1.3 Families of Distributions

Above, we introduced the basic concepts of random variables and probability distributions. Now, let’s explore some common distributions.

1.3.1 Discrete probability distributions

Bernoulli distribution

Definition 1.1 A Bernoulli trial is a random experiment with exactly two possible outcomes: “success” and “failure.” These outcomes are typically denoted as 1 for success and 0 for failure. The probability of success is often denoted by \(p\), and the probability of failure is then given by \(q = 1 - p\).

The Bernoulli distribution is a discrete probability distribution that describes the probability of getting exactly successes in a Bernoulli trials with the probability of success \(p\in(0,1)\).

Denote \(X \sim \text{Ber}(p)\) if a random variable \(X\) follows Bernoulli distribution. The probability mass function of the Bernoulli distribution is given by: \[ \begin{split} p_X(x) &= \begin{cases} p, & x = 1 \\ 1-p, & x = 0 \\ 0, & \mbox{otherwise} \end{cases} \\ &= p^x(1-p)^{1-x}, \quad x=0,1 \end{split} \] and the range \(R_X=\{0,1\}\).

Proposition 1.1 \(\mathbb{E}(X)=p, \quad \mathrm{Var}(X)=p(1-p)\)

Binomial distribution

The Binomial distribution describes the probability of getting exactly \(k\) successes in \(n\) Bernoulli trials with the probability of success \(p\in(0,1)\).

Denote \(X \sim \text{Bin}(n,p)\) if a random variable \(X\) follows Binomial distribution.
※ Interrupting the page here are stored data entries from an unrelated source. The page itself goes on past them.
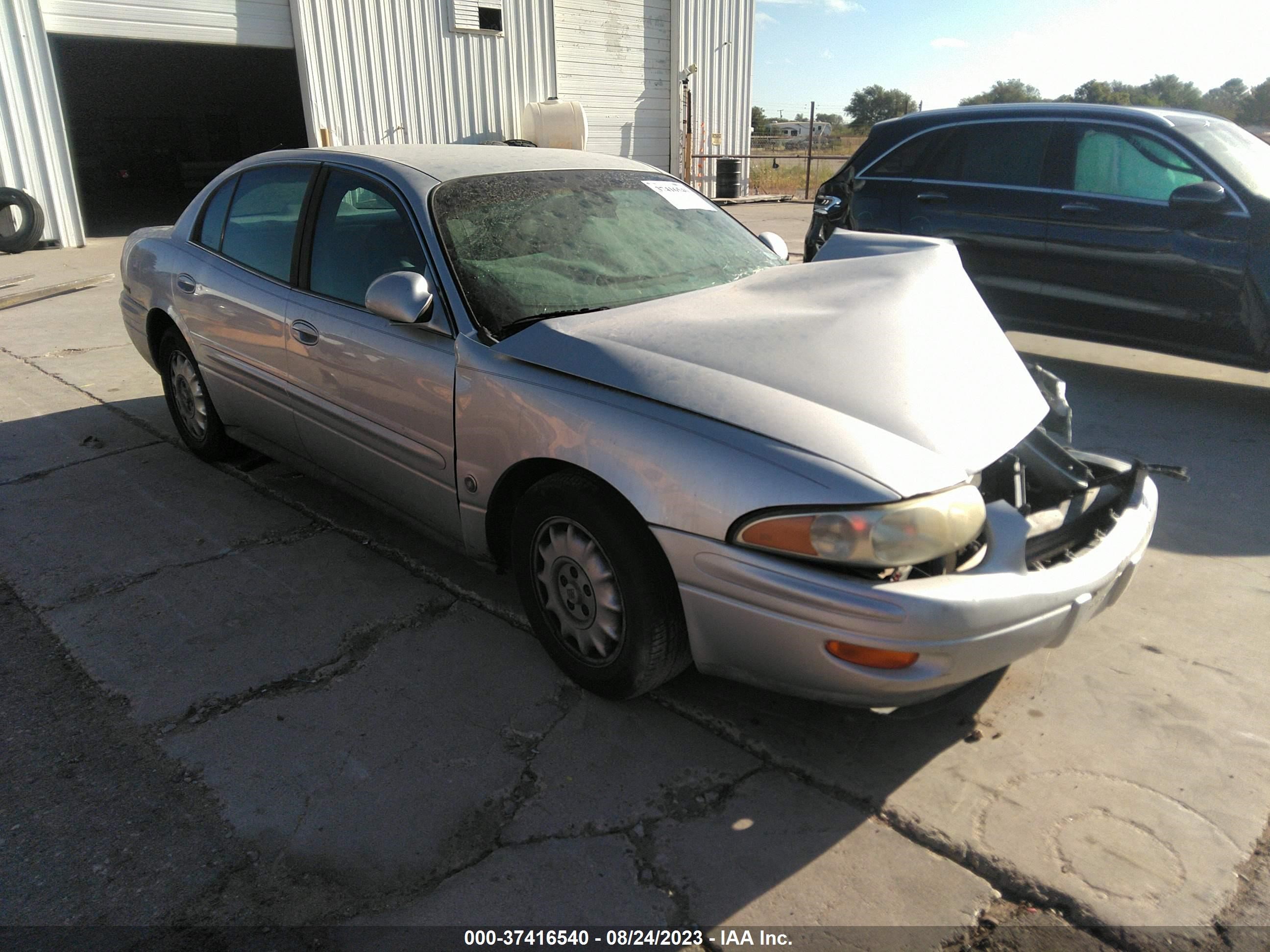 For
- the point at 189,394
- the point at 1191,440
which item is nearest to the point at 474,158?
the point at 189,394

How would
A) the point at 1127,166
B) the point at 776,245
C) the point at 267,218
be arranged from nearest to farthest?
the point at 267,218 < the point at 776,245 < the point at 1127,166

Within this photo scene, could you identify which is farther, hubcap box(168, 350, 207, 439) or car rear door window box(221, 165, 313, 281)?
hubcap box(168, 350, 207, 439)

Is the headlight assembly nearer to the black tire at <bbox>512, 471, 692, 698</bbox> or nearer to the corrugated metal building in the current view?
the black tire at <bbox>512, 471, 692, 698</bbox>

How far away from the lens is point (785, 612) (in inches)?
85.7

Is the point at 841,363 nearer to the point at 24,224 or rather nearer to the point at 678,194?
the point at 678,194

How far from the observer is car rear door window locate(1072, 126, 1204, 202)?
17.8 feet

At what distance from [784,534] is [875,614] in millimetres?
277

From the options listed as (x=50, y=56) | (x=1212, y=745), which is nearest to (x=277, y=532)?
(x=1212, y=745)

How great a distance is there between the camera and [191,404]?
181 inches

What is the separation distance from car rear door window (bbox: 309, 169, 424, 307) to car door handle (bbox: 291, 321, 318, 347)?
139mm

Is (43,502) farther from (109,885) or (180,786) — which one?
(109,885)

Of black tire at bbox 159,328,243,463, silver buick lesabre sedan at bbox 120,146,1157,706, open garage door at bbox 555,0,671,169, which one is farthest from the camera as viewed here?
open garage door at bbox 555,0,671,169

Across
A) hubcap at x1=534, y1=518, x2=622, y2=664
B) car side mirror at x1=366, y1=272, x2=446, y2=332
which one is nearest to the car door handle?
car side mirror at x1=366, y1=272, x2=446, y2=332

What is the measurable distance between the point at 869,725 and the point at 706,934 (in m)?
0.91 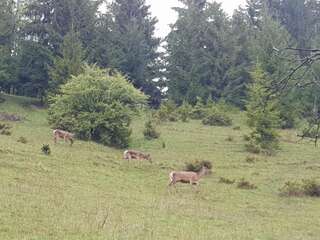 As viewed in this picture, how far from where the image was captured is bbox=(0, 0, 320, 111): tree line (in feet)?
157

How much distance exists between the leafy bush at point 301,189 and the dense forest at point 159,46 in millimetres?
21853

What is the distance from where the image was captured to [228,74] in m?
55.9

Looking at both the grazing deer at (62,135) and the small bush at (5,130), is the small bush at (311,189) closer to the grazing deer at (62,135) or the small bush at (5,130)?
the grazing deer at (62,135)

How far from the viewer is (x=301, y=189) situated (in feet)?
70.3

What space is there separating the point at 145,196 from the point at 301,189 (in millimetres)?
6813

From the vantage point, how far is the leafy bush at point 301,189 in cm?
2130

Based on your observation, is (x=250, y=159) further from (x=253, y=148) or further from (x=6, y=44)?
(x=6, y=44)

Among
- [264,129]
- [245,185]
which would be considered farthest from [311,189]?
[264,129]

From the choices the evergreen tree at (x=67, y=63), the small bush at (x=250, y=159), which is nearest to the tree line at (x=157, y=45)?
the evergreen tree at (x=67, y=63)

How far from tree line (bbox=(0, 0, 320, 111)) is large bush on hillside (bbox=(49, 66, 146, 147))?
11.5 meters

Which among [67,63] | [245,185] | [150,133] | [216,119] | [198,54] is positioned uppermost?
[198,54]

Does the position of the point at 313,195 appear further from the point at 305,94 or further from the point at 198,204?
the point at 305,94

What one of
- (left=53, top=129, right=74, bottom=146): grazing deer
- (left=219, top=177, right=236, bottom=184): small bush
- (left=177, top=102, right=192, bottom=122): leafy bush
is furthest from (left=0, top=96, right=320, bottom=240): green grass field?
(left=177, top=102, right=192, bottom=122): leafy bush

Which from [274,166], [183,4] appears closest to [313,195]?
[274,166] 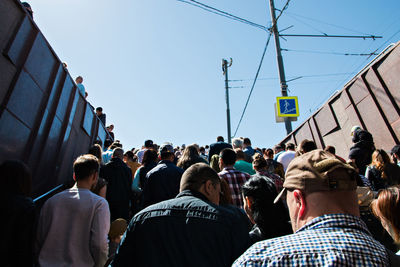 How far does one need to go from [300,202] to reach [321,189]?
4.1 inches

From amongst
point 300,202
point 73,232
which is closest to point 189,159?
point 73,232

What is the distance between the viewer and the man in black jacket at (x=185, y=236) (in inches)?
61.7

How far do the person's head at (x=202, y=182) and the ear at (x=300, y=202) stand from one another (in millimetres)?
862

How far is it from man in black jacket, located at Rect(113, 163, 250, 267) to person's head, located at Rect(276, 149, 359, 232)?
0.55 meters

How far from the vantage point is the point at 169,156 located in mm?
3852

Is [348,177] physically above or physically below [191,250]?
above

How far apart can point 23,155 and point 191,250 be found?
330 cm

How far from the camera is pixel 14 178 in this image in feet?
7.76

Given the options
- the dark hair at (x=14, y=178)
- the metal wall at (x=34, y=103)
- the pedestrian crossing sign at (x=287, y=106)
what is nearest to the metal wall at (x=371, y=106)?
the pedestrian crossing sign at (x=287, y=106)

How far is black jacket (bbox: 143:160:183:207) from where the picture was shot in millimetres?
3414

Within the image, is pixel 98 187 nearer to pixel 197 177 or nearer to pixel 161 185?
pixel 161 185

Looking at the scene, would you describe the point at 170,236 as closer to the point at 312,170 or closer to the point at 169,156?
the point at 312,170

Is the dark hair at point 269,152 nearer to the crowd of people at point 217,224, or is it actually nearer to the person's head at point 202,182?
the crowd of people at point 217,224

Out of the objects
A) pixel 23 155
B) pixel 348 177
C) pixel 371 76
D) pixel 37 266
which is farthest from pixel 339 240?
pixel 371 76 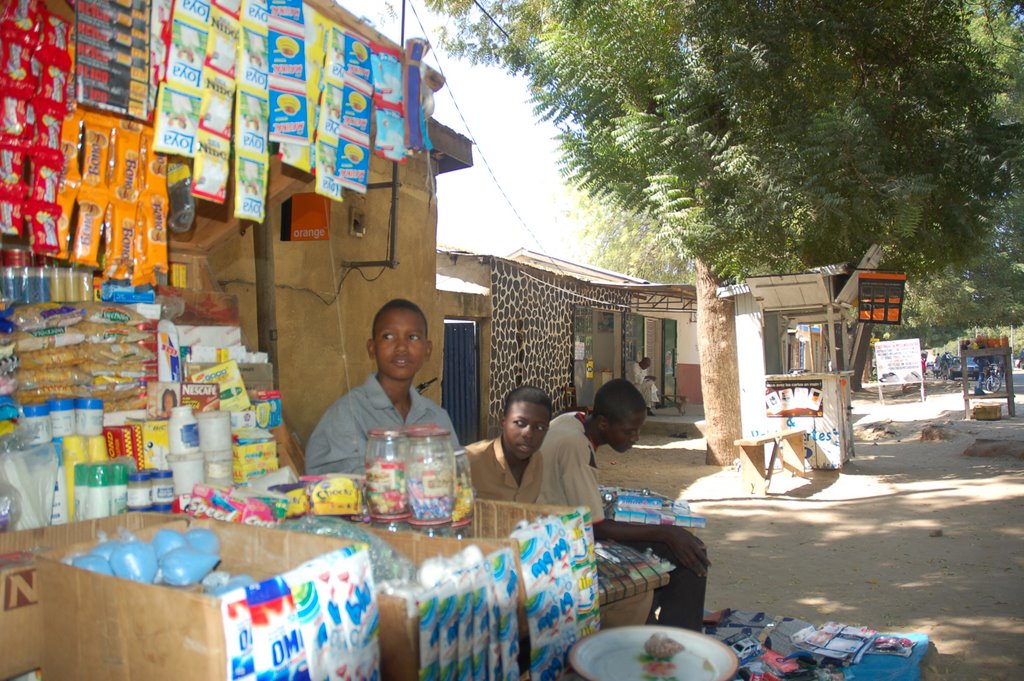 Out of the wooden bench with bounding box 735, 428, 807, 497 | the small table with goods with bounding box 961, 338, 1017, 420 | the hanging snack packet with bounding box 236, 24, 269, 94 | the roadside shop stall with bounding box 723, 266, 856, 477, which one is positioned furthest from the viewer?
the small table with goods with bounding box 961, 338, 1017, 420

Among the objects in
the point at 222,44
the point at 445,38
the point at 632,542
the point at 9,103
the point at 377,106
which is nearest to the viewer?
the point at 9,103

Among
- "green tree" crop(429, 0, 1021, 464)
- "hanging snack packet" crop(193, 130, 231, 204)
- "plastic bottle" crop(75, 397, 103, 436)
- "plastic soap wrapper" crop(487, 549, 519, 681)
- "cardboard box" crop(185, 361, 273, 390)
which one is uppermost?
"green tree" crop(429, 0, 1021, 464)

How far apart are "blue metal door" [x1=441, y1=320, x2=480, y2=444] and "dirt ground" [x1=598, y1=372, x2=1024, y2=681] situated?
218 cm

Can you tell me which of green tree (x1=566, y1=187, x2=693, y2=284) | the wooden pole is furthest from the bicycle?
the wooden pole

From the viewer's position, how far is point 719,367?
1144cm

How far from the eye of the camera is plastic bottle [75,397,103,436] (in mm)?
2914

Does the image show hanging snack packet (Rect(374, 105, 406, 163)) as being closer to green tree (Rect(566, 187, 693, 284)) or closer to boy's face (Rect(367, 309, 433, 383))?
boy's face (Rect(367, 309, 433, 383))

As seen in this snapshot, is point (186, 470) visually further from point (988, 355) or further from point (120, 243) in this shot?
point (988, 355)

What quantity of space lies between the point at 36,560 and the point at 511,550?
3.70ft

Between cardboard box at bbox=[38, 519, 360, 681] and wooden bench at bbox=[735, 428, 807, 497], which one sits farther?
wooden bench at bbox=[735, 428, 807, 497]

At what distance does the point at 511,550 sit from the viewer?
1975mm

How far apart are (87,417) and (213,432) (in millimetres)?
483

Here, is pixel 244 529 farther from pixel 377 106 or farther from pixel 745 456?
pixel 745 456

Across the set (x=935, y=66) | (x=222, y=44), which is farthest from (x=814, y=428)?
(x=222, y=44)
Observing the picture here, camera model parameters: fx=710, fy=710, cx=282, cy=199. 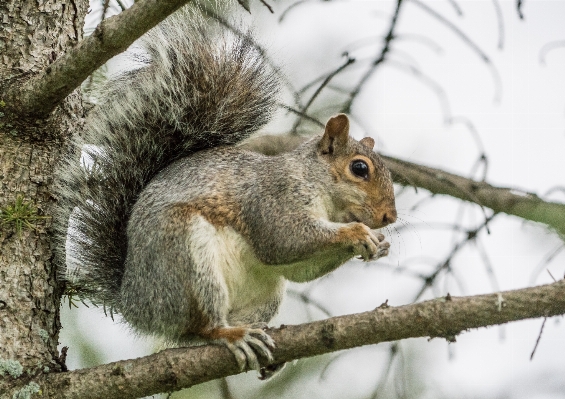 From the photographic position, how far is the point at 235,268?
216 centimetres

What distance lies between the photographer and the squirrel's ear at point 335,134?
7.94 ft

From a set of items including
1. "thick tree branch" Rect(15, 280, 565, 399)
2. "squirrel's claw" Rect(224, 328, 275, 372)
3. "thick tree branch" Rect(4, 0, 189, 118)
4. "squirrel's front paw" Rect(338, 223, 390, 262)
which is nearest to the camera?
"thick tree branch" Rect(15, 280, 565, 399)

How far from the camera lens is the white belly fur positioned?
81.4 inches

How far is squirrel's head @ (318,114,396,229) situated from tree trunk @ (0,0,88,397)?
85cm

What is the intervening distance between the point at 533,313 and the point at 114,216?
4.35 feet

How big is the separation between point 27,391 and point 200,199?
747 millimetres

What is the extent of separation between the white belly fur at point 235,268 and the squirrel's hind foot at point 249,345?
0.18 m

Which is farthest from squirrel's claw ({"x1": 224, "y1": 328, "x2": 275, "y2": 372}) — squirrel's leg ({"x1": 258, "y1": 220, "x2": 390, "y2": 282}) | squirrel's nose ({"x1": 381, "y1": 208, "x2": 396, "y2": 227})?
squirrel's nose ({"x1": 381, "y1": 208, "x2": 396, "y2": 227})

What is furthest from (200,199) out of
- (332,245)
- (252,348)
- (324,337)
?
(324,337)

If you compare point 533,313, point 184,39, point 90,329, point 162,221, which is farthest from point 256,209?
point 90,329

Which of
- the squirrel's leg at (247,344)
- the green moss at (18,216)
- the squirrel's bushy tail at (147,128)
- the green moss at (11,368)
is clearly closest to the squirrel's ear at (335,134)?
the squirrel's bushy tail at (147,128)

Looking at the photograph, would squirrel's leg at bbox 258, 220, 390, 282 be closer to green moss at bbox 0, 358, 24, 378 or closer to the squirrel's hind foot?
the squirrel's hind foot

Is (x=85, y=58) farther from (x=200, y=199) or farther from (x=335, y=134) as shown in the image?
(x=335, y=134)

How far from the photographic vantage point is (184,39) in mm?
2416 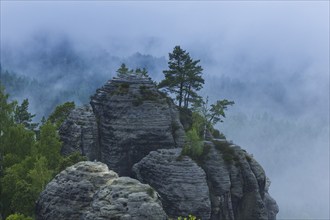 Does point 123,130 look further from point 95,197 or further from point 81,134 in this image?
point 95,197

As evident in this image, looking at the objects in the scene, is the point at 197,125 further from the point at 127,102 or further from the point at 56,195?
the point at 56,195

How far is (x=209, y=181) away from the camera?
66312mm

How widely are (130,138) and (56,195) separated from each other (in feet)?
96.0

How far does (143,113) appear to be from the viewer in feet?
230

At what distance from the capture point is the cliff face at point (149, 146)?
6588 centimetres

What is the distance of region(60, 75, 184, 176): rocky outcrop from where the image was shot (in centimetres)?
6925

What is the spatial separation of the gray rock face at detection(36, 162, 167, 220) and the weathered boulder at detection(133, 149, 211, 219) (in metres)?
21.9

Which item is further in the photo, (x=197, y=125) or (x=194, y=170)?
(x=197, y=125)

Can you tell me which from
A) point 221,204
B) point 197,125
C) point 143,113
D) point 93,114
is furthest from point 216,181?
point 93,114

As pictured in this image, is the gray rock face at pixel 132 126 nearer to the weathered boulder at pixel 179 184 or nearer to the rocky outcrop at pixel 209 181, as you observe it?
the rocky outcrop at pixel 209 181

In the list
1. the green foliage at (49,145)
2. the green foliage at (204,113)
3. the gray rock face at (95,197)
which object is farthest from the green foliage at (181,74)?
the gray rock face at (95,197)

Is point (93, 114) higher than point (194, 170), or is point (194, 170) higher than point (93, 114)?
point (93, 114)

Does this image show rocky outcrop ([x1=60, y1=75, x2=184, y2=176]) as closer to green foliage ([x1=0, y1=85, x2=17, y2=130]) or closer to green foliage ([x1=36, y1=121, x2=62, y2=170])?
green foliage ([x1=36, y1=121, x2=62, y2=170])

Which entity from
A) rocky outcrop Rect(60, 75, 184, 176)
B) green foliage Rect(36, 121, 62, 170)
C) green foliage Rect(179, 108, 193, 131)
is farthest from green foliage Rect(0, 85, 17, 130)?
green foliage Rect(179, 108, 193, 131) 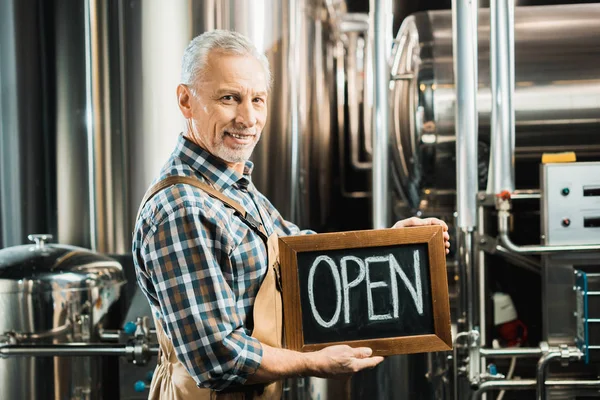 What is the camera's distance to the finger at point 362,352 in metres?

The probability mass function is given by: \[ p_X(x) = {n \choose x} p^x(1-p)^{n-x}, \quad x=0,1,\cdots,n. \] and the range \(R_X=\{0,1,\cdots,n\}\).

Proposition 1.2

\(\mathbb{E}(X)=np, \quad \mathrm{Var}(X)=np(1-p)\)
\(\text{Ber}(p) \sim \text{Bin}(1,p)\)
(additive property) Let \(X \sim \text{Bin}(n_1,p), Y \sim Bin(n_2,p)\) and \(X \perp\!\!\!\perp Y\). Then \(X+Y \sim \text{Bin}(n_1+n_2,p)\)

Poisson distribution

Before we introduce the Poisson distribution, we need to know what is Poisson process.

Definition:

A Poisson process is a stochastic process that models a sequence of events occurring randomly over time or space. It is characterized by the following properties:

The probability that exactly 1 event occurs in a given interval of length \(h\) is equal to \(\lambda h + o(h)\).
The probability that 2 or more events occur in an interval of length \(h\) is equal to \(o(h)\).
For any integers \(n\), \(j_1, j_2, \cdots, j_n\) and any set of \(n\) non-overlapping intervals, if we define \(E_i\) to be the event that exactly \(j_i\) of the events under consideration occur in the \(i\)-th of these intervals, then events \(E_1,E_2,\cdots,E_n\) are independent.

Little \(o\) notation: \(o(h)\) stands for any function \(f(h)\) for which \(\displaystyle \lim_{h \to 0} \frac{f(h)}{h} = 0\).

\[ p_X(k) = \frac{\lambda^{k} e^{-\lambda}}{k!}, \quad k \in \mathbb{N}, \lambda \in (0,\infty) \]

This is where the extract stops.